EXERCISE GOAL
Retype exactly the span of lines below from the one with "Woman wearing Push" through the one with "Woman in yellow". Do not include pictures.

GIVEN DATA
= = = = = = =

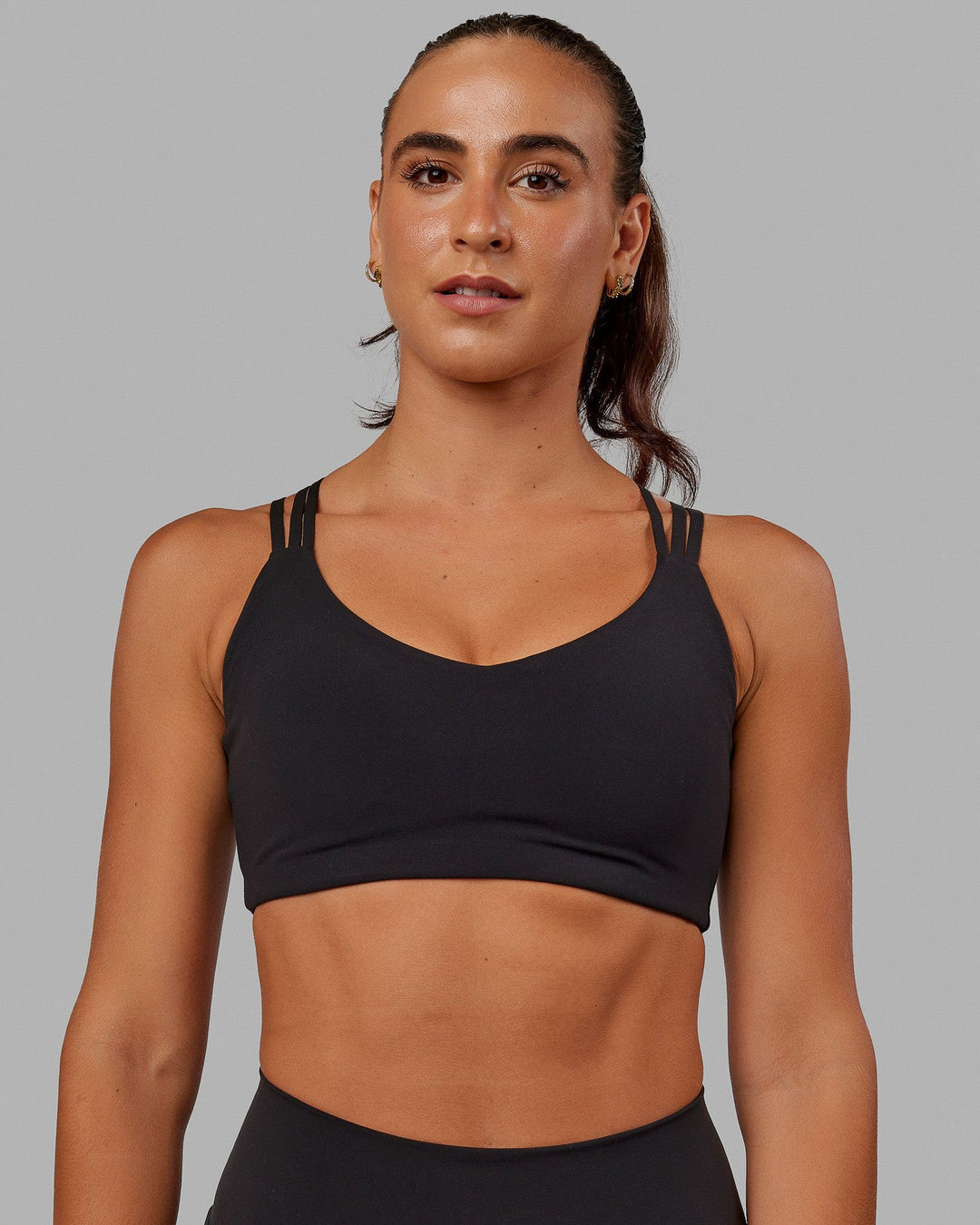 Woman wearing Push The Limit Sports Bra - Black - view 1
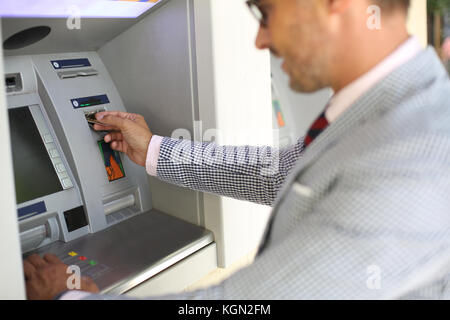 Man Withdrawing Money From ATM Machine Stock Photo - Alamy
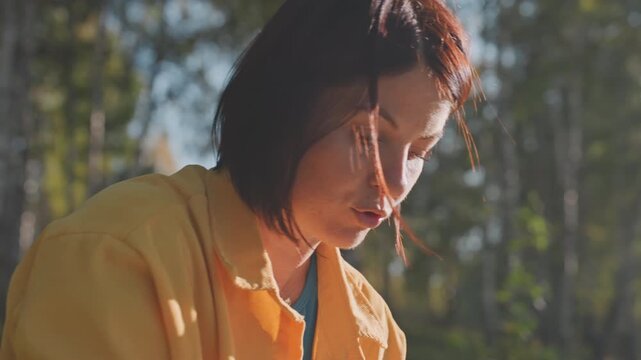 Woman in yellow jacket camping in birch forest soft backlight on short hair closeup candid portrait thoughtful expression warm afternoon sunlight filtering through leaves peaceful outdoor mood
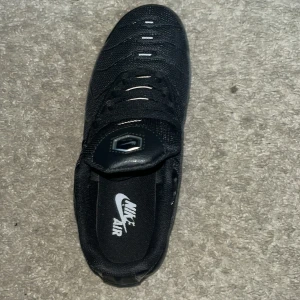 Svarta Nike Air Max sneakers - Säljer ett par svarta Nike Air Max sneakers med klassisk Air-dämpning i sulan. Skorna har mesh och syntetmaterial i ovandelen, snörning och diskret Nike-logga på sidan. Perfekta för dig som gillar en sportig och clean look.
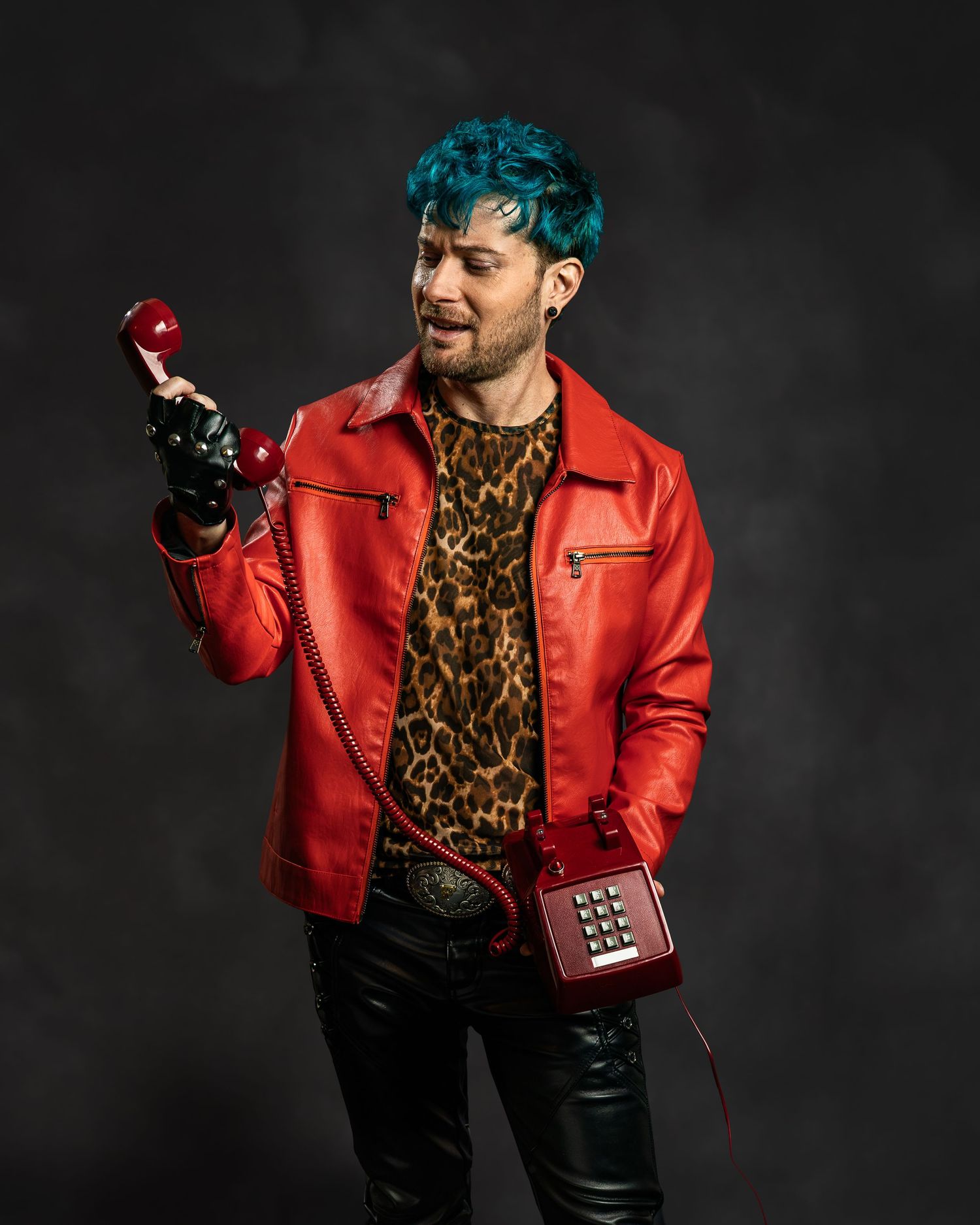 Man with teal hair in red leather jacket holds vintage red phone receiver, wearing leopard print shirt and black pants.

= = = = = = =

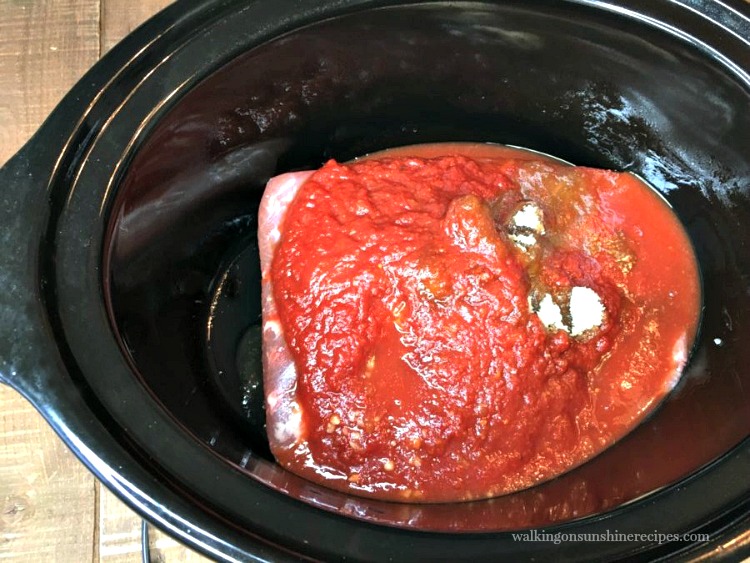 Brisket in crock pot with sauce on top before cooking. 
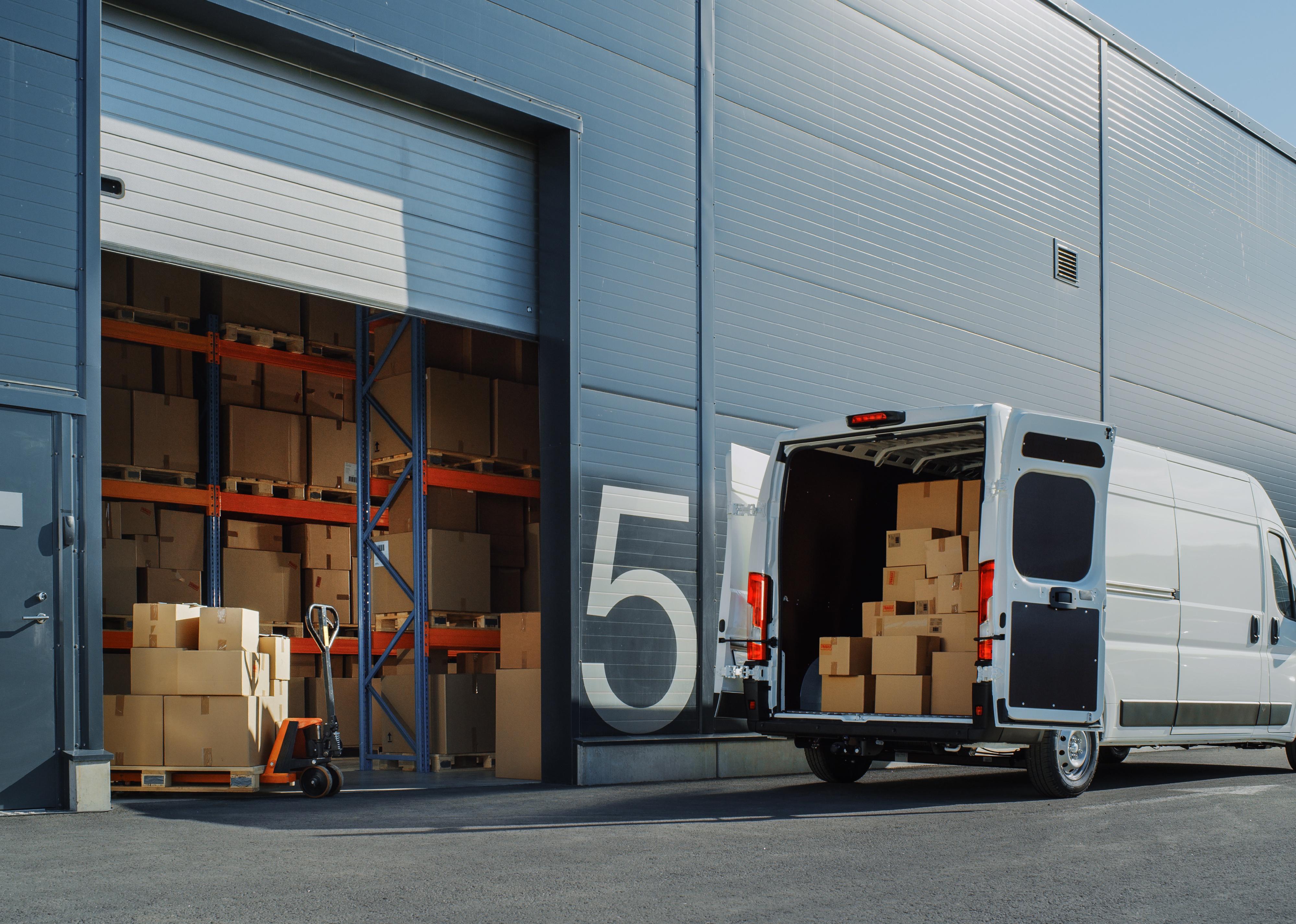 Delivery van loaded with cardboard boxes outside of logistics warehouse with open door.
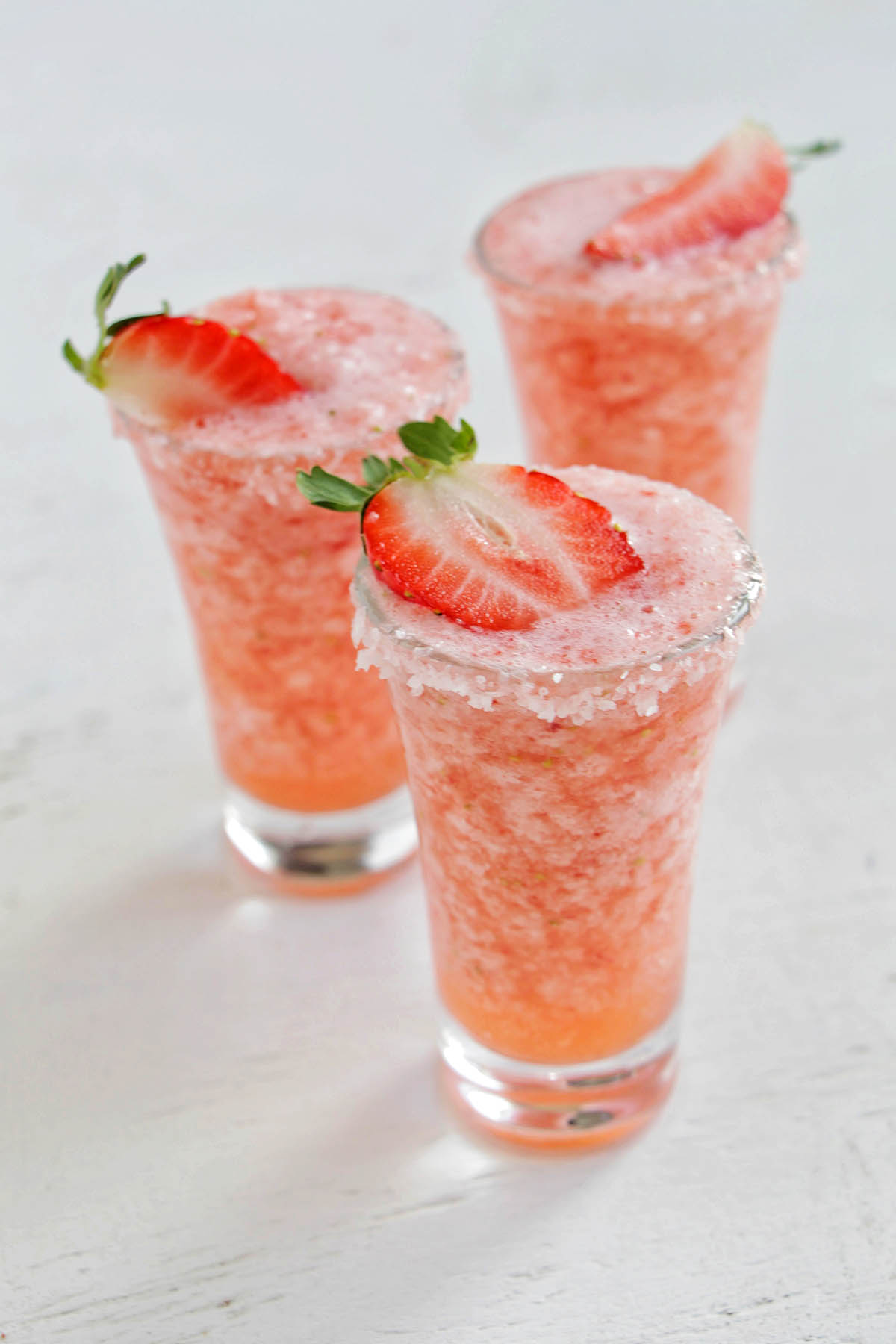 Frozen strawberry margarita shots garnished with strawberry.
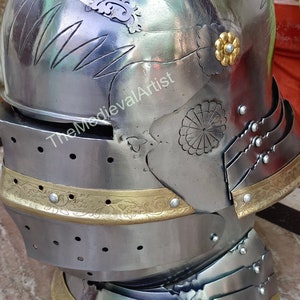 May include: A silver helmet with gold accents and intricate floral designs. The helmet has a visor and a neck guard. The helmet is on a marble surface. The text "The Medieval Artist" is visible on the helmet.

= = = = = = =

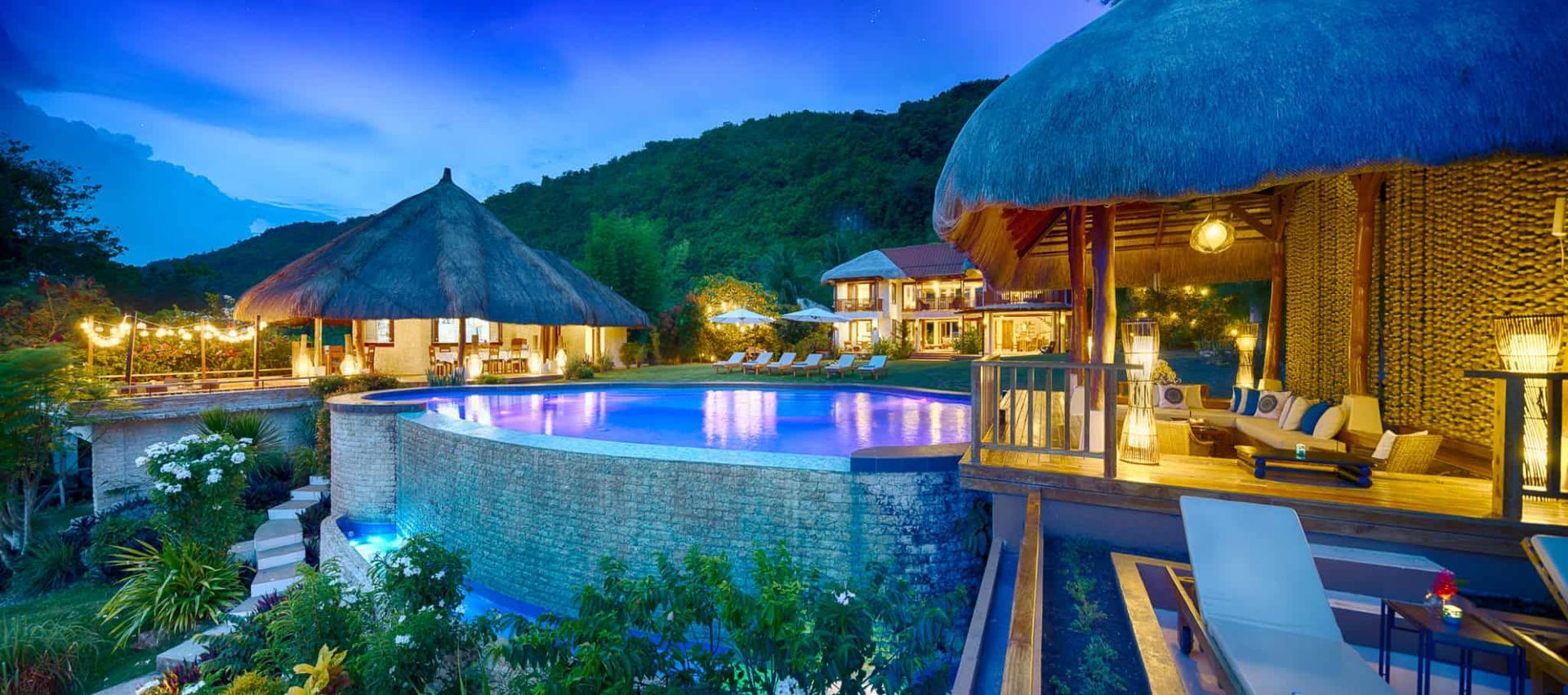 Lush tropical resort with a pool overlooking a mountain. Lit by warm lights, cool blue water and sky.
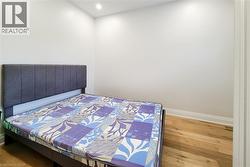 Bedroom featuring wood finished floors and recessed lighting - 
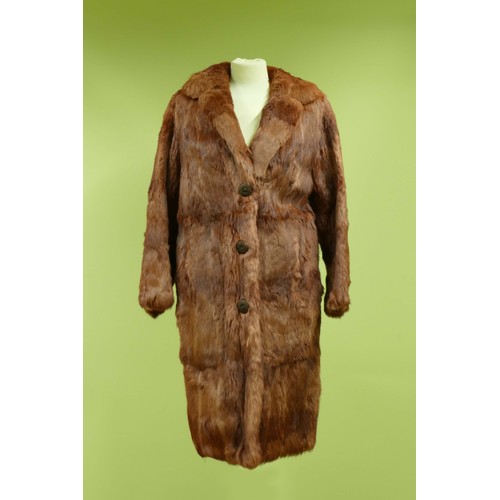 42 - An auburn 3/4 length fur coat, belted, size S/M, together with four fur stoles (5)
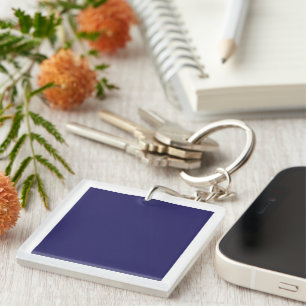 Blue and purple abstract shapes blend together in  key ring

= = = = = = =

SOLUTION FOR THIS TASK
 Woman wearing Push The Limit Sports Bra - Black - view 1
 Man Withdrawing Money From ATM Machine Stock Photo - Alamy
 Woman in yellow jacket camping in birch forest soft backlight on short hair closeup candid portrait thoughtful expression warm afternoon sunlight filtering through leaves peaceful outdoor mood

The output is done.